Indicator Correlations

Code
pacman::p_load(
  dplyr,
  conflicted,
  tidyr,
  tibble,
  stringr,
  purrr,
  tidyr,
  ggplot2,
  plotly,
  reshape,
  Hmisc,
  viridisLite,
  reactable
)
source('dev/get_reactable.r')
conflicts_prefer(
  dplyr::select(),
  dplyr::filter(),
  dplyr::summarize(),
  .quiet = TRUE
)

This page will explore the Pearson correlations between variables at the indicator level. Note that indicators have already been recoded as necessary such that they all point in the desirable direction. For example, the negative correlation between carbon fluxes (CO2 emissions from agriculture) and total quantity food products (animal and crop sales) means that as food production increases (good), carbon fluxes increase (bad).

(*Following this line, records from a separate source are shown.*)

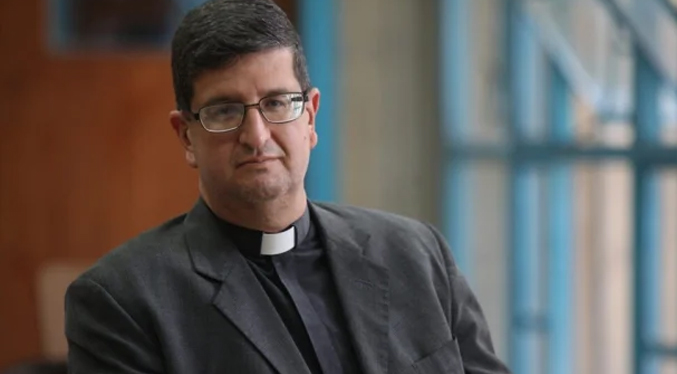 Designan al padre Arturo Peraza como nuevo rector de la Ucab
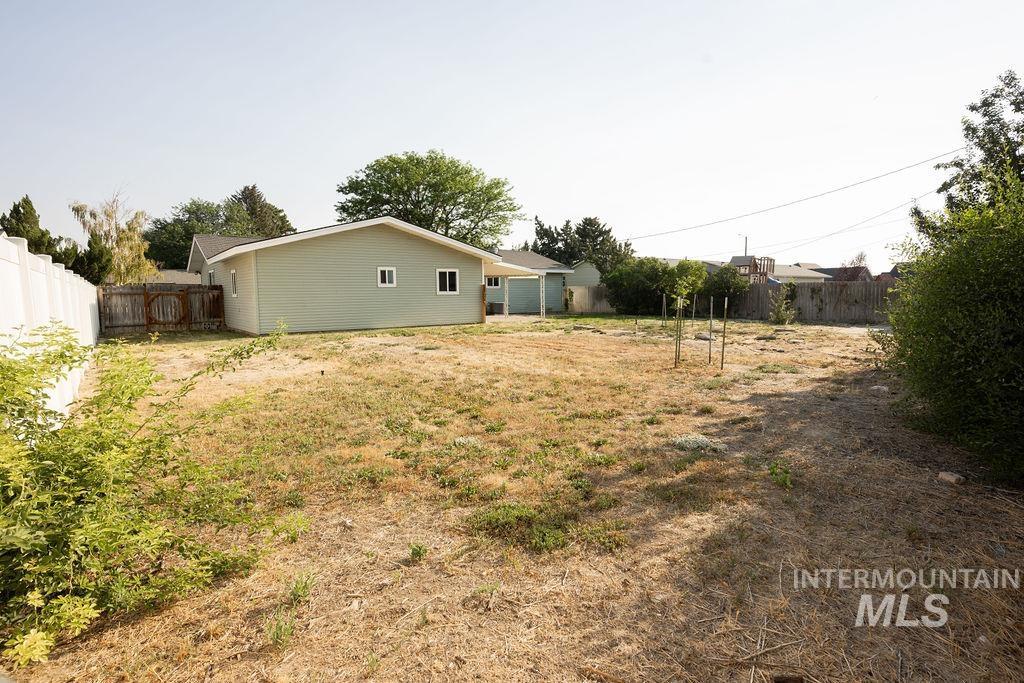 684 Crestview, Twin Falls, Idaho 83301, 4 Bedrooms, 2 Bathrooms, Residential For Sale, Price $364,900, 98996252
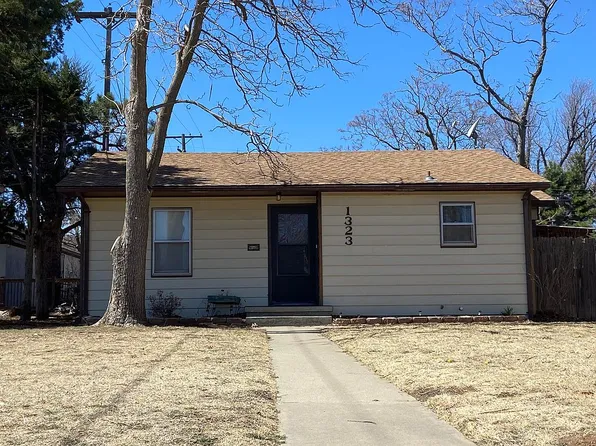 1323 15th St, Woodward, OK 73801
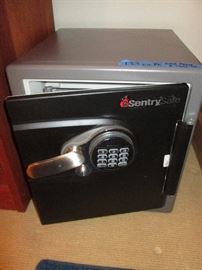 SENTRY SAFE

These negative correlations between indicators in different dimensions are to be expected. More problematic are the positive correlations between indicators in different dimensions, like operations diversification and value-added markets. This might suggest there are omitted variables, or that certain facets of the food system are being double-counte

We are using only the latest time point for each metric available. Dimensions are represented by colors, and divided by black lines in the matrix. Hovering over the diagram will show a tooltip with the correlation coefficient and p-value.

1 Correlation Matrix

Code
# Load indicator data.
final_scores <- readRDS('data/state_score_iterations.rds')
get_str(final_scores)

# Get filtered frame subset to be able to color indicators by dimension later
filtered_frame <- readRDS('data/filtered_frame.rds')
inds_and_dims <- filtered_frame %>% 
  select(indicator, dimension) %>%
  unique() %>% 
  mutate(color = case_when(
    dimension == 'economics' ~ 'royalblue',
    dimension == 'environment' ~ 'darkgreen',
    dimension == 'health' ~ 'orange',
    dimension == 'production' ~ 'darkred',
    dimension == 'social' ~ 'black'
  ))
color_map <- setNames(inds_and_dims$color, inds_and_dims$indicator)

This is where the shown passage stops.